A major restoration project is underway behind a nondescript garage door at a home on the Nipomo Mesa. The large space was donated to the nearby Dunes Center as a location to work on a big chunk of a sphinx statue, buried along with other Hollywood set pieces under the sands of the Guadalupe-Nipomo Dunes for the better part of a century.
Restoration artist Amy Higgins travels up the coast from her home in Los Angeles to do this highly detailed work.
"Yes it is fragile, it is plaster that has been sitting outside and it was wet and damp in the sand, so as it dries out it does get harder and more stable, but when it was wet, oh it was so hard trying to lift the pieces because they were just like a wet rag," said Higgins.
She and another worker are taking several broken up pieces of plaster and putting them together like a puzzle, so that eventually the sphinx can be displayed for visitors to the Dunes Center.
"It had to come out in several pieces," Higgins said. "We did get one really nice big piece with the foot, and the knee and the shoulder, but the chest, unfortunately, came out in ten pieces, so we're putting it back together so it looks like more of a whole, and you get the rounded chest and the shoulder."

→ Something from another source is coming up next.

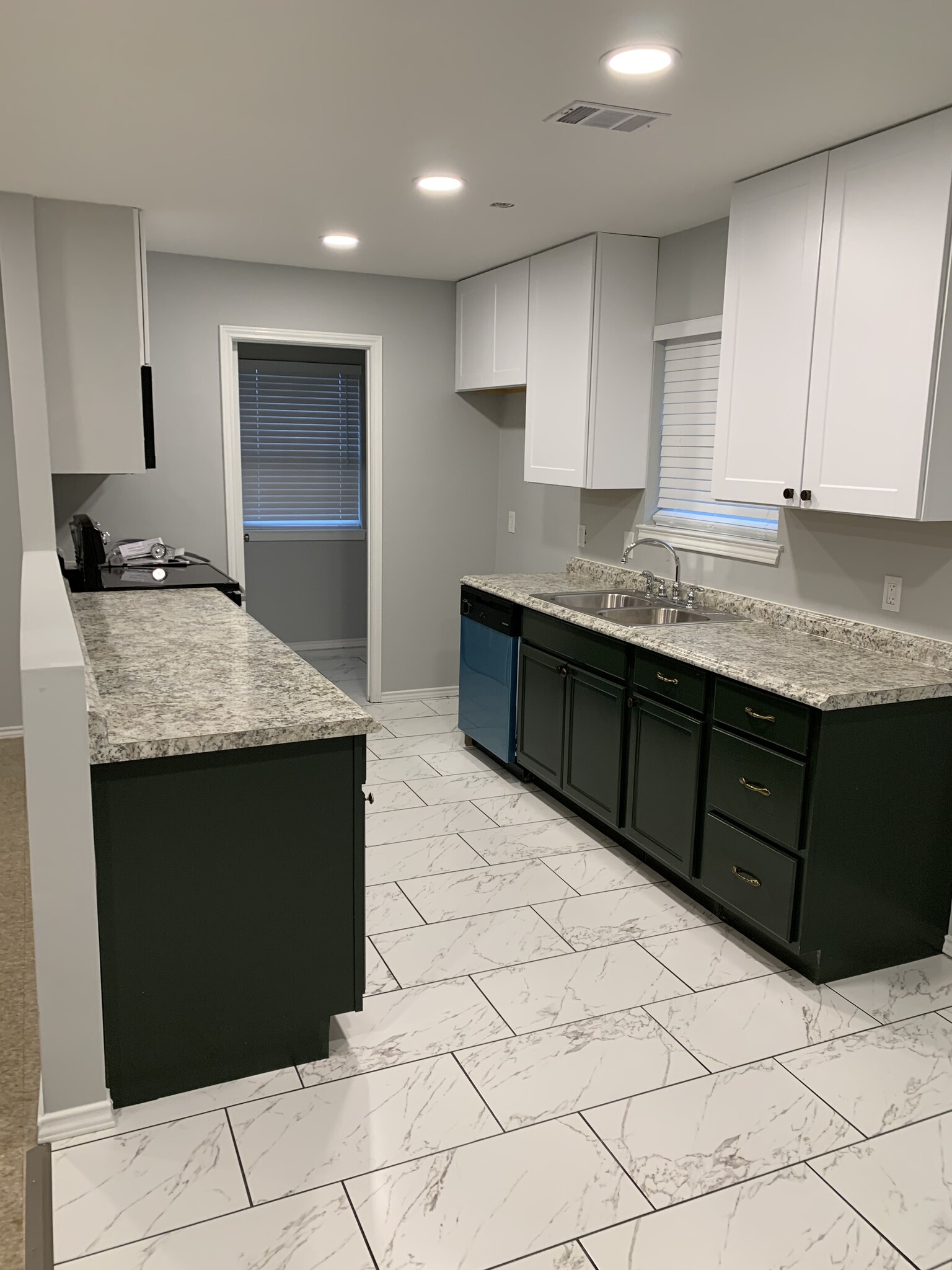 Building Photo - 126 Oak Hill Dr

Doug Jensen is the Executive Director of the Dunes Center. He's overseen much of the effort to find and recover these artifacts of Hollywood history.
"In 1923, Cecil B. Demille decided he was going to make this film, The Ten Commandments, and he hauled out this giant movie set, had thousands of people working in the dunes to build it," said Jensen. "Filming took place in May and June of that year and then they just left it. For a long time we heard stories about it being exploded with dynamite or being buried in a trench, but after this last excavation we looked at where some of the remnants of other sphinxes were in relation to this one, and it sort of looked like they just left it."

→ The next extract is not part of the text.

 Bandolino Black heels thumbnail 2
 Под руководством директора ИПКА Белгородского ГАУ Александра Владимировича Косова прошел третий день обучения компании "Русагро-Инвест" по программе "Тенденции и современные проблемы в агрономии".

Jensen and Higgins say, when finished, visitors should not expect to see an elaborate set or sphinx as it would have looked at the time of the original filming—instead Jensen says they're working to put it in a state of "arrested decay."

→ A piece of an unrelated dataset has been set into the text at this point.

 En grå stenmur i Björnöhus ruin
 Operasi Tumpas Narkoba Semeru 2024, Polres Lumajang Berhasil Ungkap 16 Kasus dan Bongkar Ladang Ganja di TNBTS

"We didn't want it to deteriorate any more in the elements, so we pulled it out, but we aren't going to make it look like it's brand new again," said Jensen. "There's a whole lot of history here, it's the filming, it's the community who came out and had their photos taken with the sphinxes over time, and we want the whole story to be represented."
This latest edition to the Hollywood artifacts portion of the Dunes Center is expected to go on display in early 2015.